EXERCISE REQUIREMENTS: The listing below is to be copied exactly, with pictures excluded.

GIVEN MATERIAL:
↓↓↓

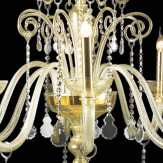 "Callia" Murano glass chandelier - 8 lights - gold and transparent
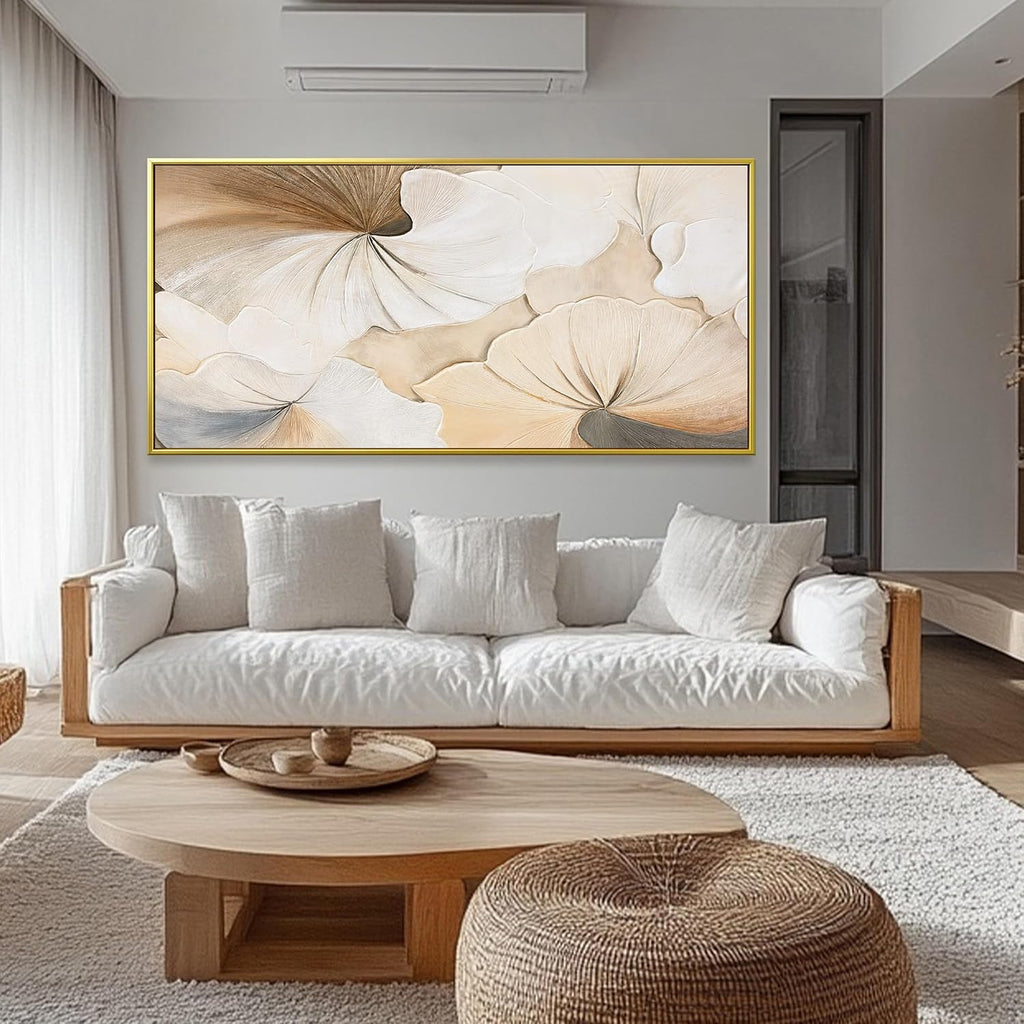Canvas Art Wall Decor Large Size Gold Framed Wall Art For Living Room Modern Abstract Wall Decor Prints Pictures Brown White Flower Wall Art Picture For Bedroom Hotel Home Artwork 29x58 Inch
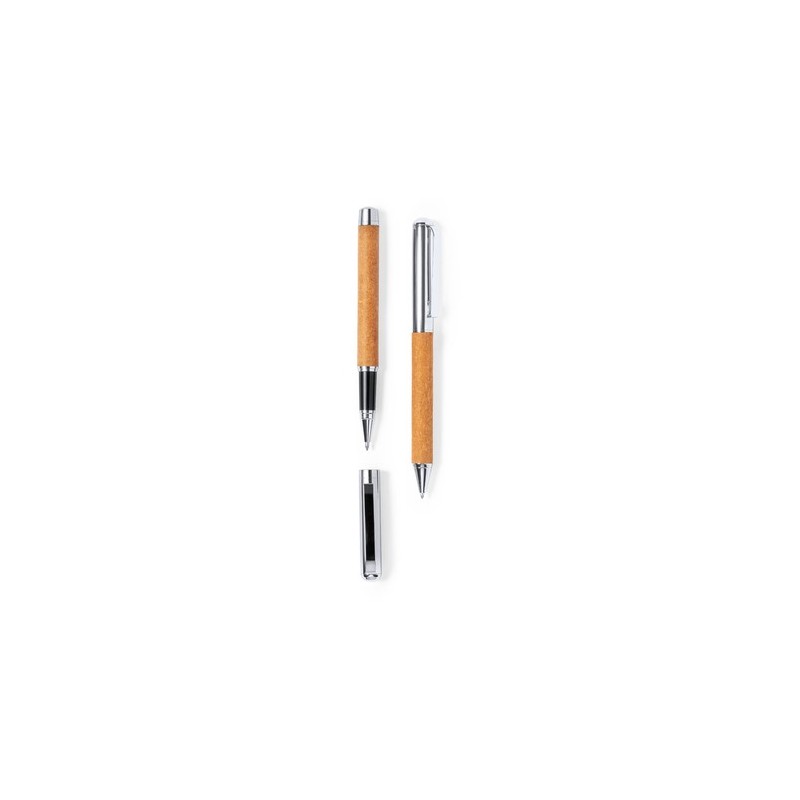 Set Éco-responsable de Stylos et Rollers Personnalisés Vincen pas cher Matières : cuir recyclé impression haute définition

↑↑↑

OUTPUT FOR THIS EXERCISE:
 "Callia" Murano glass chandelier - 8 lights - gold and transparent
Canvas Art Wall Decor Large Size Gold Framed Wall Art For Living Room Modern Abstract Wall Decor Prints Pictures Brown White Flower Wall Art Picture For Bedroom Hotel Home Artwork 29x58 Inch
 Set Éco-responsable de Stylos et Rollers Personnalisés Vincen pas cher Matières : cuir recyclé impression haute définition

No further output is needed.